Though you might be able to parse this with a fancy regex, a simple state machine would in my opinion be easier to read and less complicated to write and debug. If I understand your post correctly, your string has four tokens:
- quoted strings - opaque between the quotes
- runs of non-whitespace/non-close parenthesis that begin with anything but an open parenthesis or double quote, /[^)("][^)\s]*/.
- runs of whitespace used as a separator between the first two types of tokens
- parenthesized strings that may contain any of the first three types of tokens.
Assuming there are no parenthesized tokens within parenthesized tokens, you could use something like this:
use strict;
use warnings;
while (my $line = <DATA>) {
chomp $line;
# store tokens other than separators
my @aTokens;
# state: are we inside or outside of a parenthesized token?
my $bParen;
my $sInParens='';
while ($line =~ /("[^"]+"|\(|\)|[^)\s]+|\s+)/g) {
my $sToken = $1;
if ($sToken eq '(') {
#starting a parenthesized token
$bParen=1;
} elsif ($sToken eq ')') {
#ending a parenthesized token: add it to the list
$bParen=0;
push @aTokens, "($sInParens)";
$sInParens='';
} elsif ($bParen) {
# in the middle of a parenthesized token
$sInParens .= $sToken;
} elsif ($sToken =~ /^\S/) {
# not a parenthesized token
# either a quoted or unquoted non-whitespace token
# add it to the list
push @aTokens, $sToken;
}
}
local $"='> <';
printf "input : %s\n%s", "<$line>", "tokens: <@aTokens>";
}
__DATA__
xxx "()" ("charset" "ISO-8859-1") (")") "xxx"
If you also need parenthesized tokens within parenthesized tokens, they the loop is only slightly more complicated.
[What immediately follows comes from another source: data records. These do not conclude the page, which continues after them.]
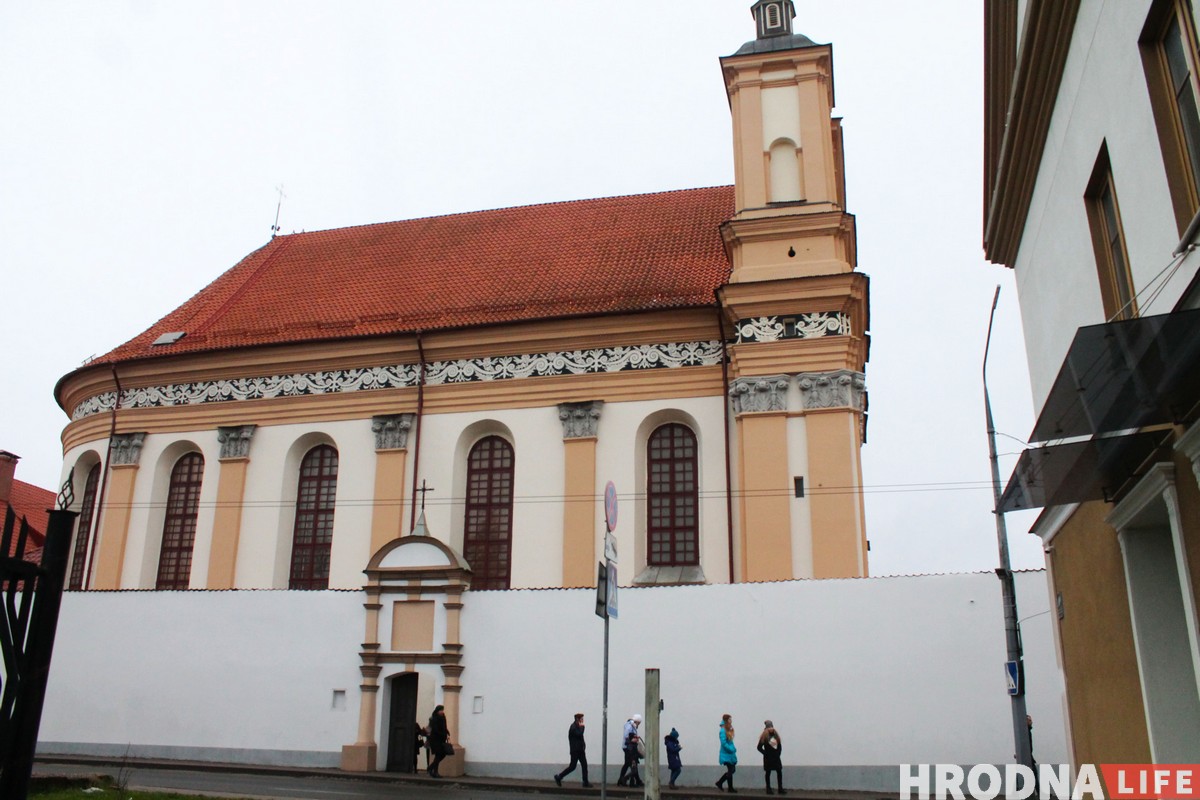 Касцёл, дзе вернікі вучаць ксяндза. Як у Гродне 20 гадоў праходзіць імша для глуханямых
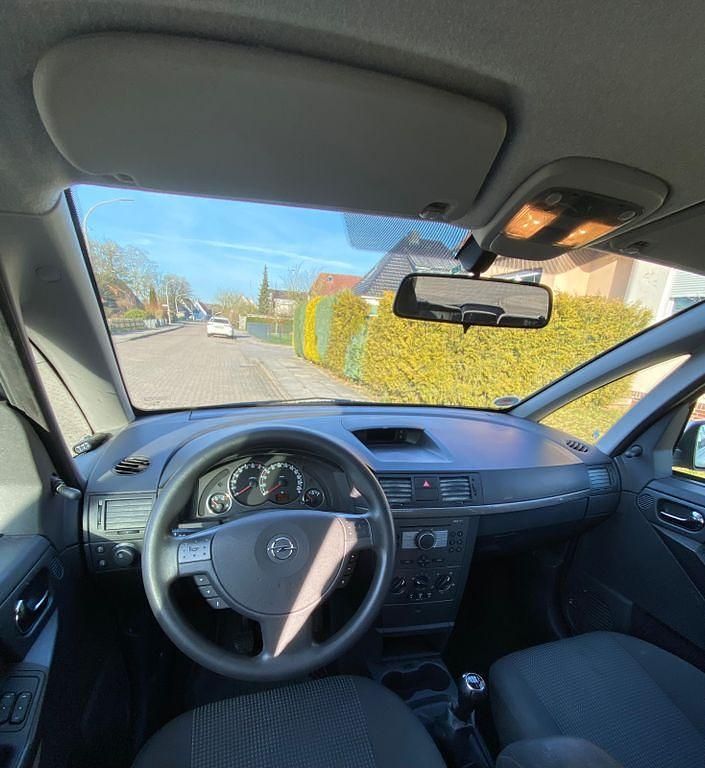Gebraucht Opel Meriva Cosmo 105 PS (77 kW) 2007 Silber Van / Kleinbus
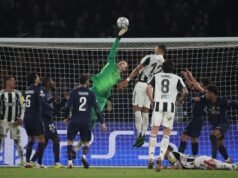 Luis Enrique agita la portería del PSG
You would need to change the flag $bParen to a counter that was incremented for each '(' and decremented for each ')' found. You would then build the token until $iParenCount returned to 0. Parentheses within quotes will have no effect on this count because the "[^"] run insures that only parentheses outside of quotes will get parsed into separate tokens:
use strict;
use warnings;
while (my $line = <DATA>) {
chomp $line;
my @aTokens;
my $sInParens='';
my $iParenCount;
while ($line =~ /("[^"]+"|\(|\)|[^)\s]*|\s+)/g) {
my $sToken = $1;
if ($sToken eq '(') {
if ($iParenCount) {
$sInParens .= $sToken;
}
$iParenCount++;
} elsif ($sToken eq ')') {
$iParenCount--;
if ($iParenCount) {
$sInParens .= $sToken;
} else {
push @aTokens, "($sInParens)";
$sInParens='';
}
} elsif ($iParenCount) {
$sInParens .= $sToken;
} elsif ($sToken =~ /^\S/) {
push @aTokens, $sToken;
}
}
local $"='> <';
print "paren count: $iParenCount\n";
printf "input : %s\n%s", "<$line>", "tokens: <@aTokens>\n";
}
__DATA__
xxx "()" ("charset" "ISO-8859-1") (")") "xxx" ((a)(b)(c)) yyy
Best, beth
Update: added some discussion about handling nested parenthesized tokens.
Update: Fixed overly greedy regex